The original lease was due to expire on November 30, 2006. On January 30, 2006, plaintiff and Pildes of 83rd entered into a two-page letter agreement that changed certain terms of the lease (e.g. the base rent) and said, “All other terms and conditions of the Lease shall remain in full force and effect during ... the extended term,” i.e. through November 30, 2009. Mr. Pildes signed the 2006 renewal as president of Pildes of 83rd. On May 9, 2008, plaintiff and Pildes of 83rd similarly extended the lease through November 30, 2014.
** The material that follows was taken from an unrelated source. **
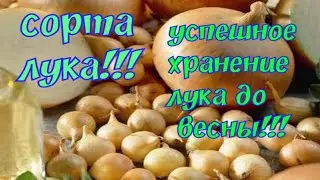 Успешное хранение лука до весны/Сорта лука/Халцедон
Mr. Pildes's guaranty remained effective through November 30, 2014 ( see e.g. Jones & Brindisi, Inc. v. Breslaw, 250 N.Y. 147, 164 N.E. 887 [1928]; Brooklyn Pa. CVS v. Starrett City Assoc., 294 A.D.2d 108, 742 N.Y.S.2d 8 [1st Dept.2002] ). Contrary to defendants' contention, the increases in the rent in the 2006 and 2008 renewals did not relieve Mr. Pildes from his obligation as guarantor, because the guaranty expressly guaranteed rent and additional rent through any extended term and otherwise allowed for changes in its terms ( see White Rose Food v. Saleh, 292 A.D.2d 377, 378, 738 N.Y.S.2d 683 [2d Dept.2002], affd. 99 N.Y.2d 589, 758 N.Y.S.2d 253, 788 N.E.2d 602 [2003]; see also Davimos v. Halle, 60 A.D.3d 576, 877 N.Y.S.2d 20 [1st Dept.2009], lv. denied 13 N.Y.3d 713, 2009 WL 4794486 [2009] ). Nor was the lease terminated by plaintiff upon the occurrence of an event of default.
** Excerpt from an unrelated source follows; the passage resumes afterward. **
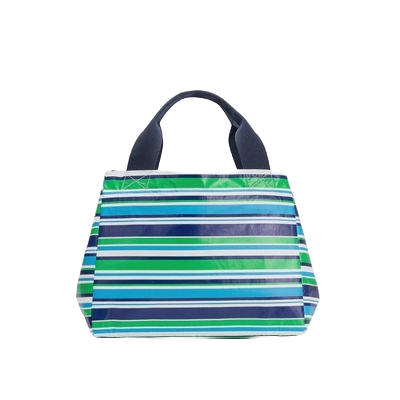 BB Blue Stripe Snap Tote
Since defendants moved to dismiss the complaint as against Mr. Pildes only, and the parties' motion papers focused on the guaranty and did not discuss surrender by operation of law, Supreme Court did not have the authority to grant summary judgment to Pildes of 83rd dismissing the complaint as against it ( see Castlepoint Ins. Co. v. Moore, 109 A.D.3d 718, 719, 974 N.Y.S.2d 8 [1st Dept.2013] ), and neither do we ( see Dunham v. Hilco Constr. Co., 89 N.Y.2d 425, 654 N.Y.S.2d 335, 676 N.E.2d 1178 [1996] ).
Supreme Court erred in dismissing Pildes of 83rd's counterclaim for the return of its security deposit on the grounds that plaintiff was entitled to apply the security deposit against outstanding rent and costs relating to Pildes of 83rd's default and that the security deposit had been subsumed by such rent and costs ( see Mr. Ham, Inc. v. Perlbinder Holdings, LLC, 116 A.D.3d 577, 579, 983 N.Y.S.2d 729 [1st Dept.2014] ).
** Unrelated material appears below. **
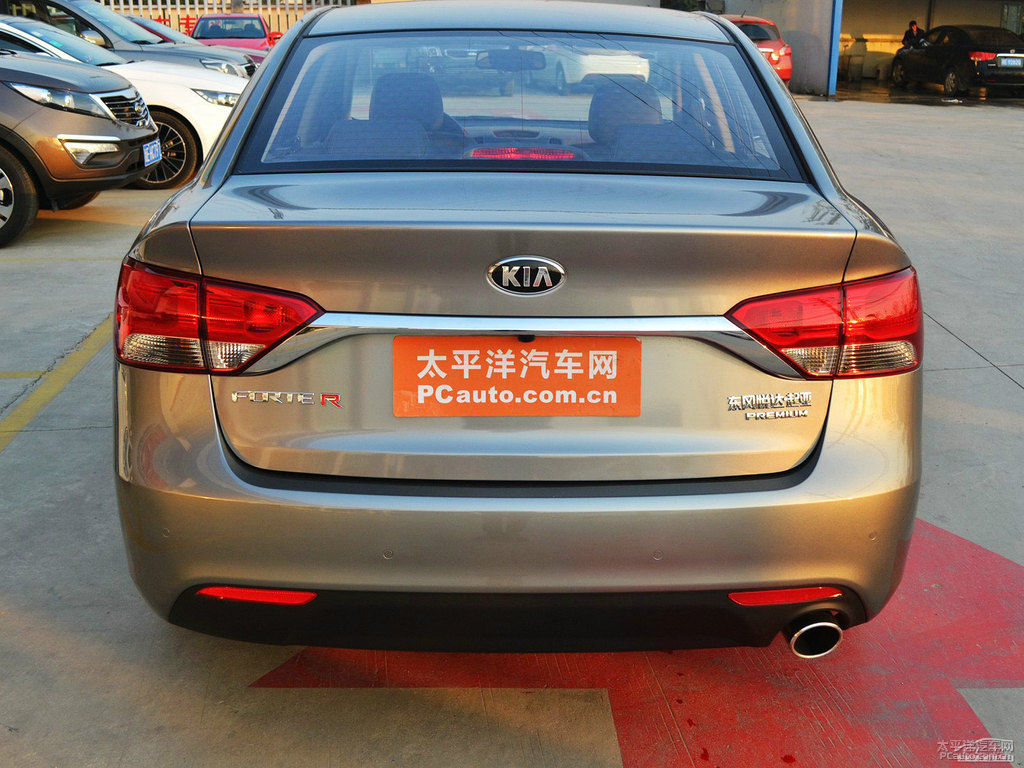 棕色福瑞迪車尾外觀圖片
Nor is Pildes of 83rd entitled to summary judgment on the counterclaim since, contrary to its contention, plaintiff did not admit that it had commingled the security deposit ( cf. Tappan Golf Dr. Range, Inc. v. Tappan Prop., Inc., 68 A.D.3d 440, 440, 889 N.Y.S.2d 580 [1st Dept.2009] [landlord “admitted that ... it deposited [the security deposit] into its own corporate account,” thereby “vest[ing] in plaintiff an ‘immediate right’ to receive those monies”] ).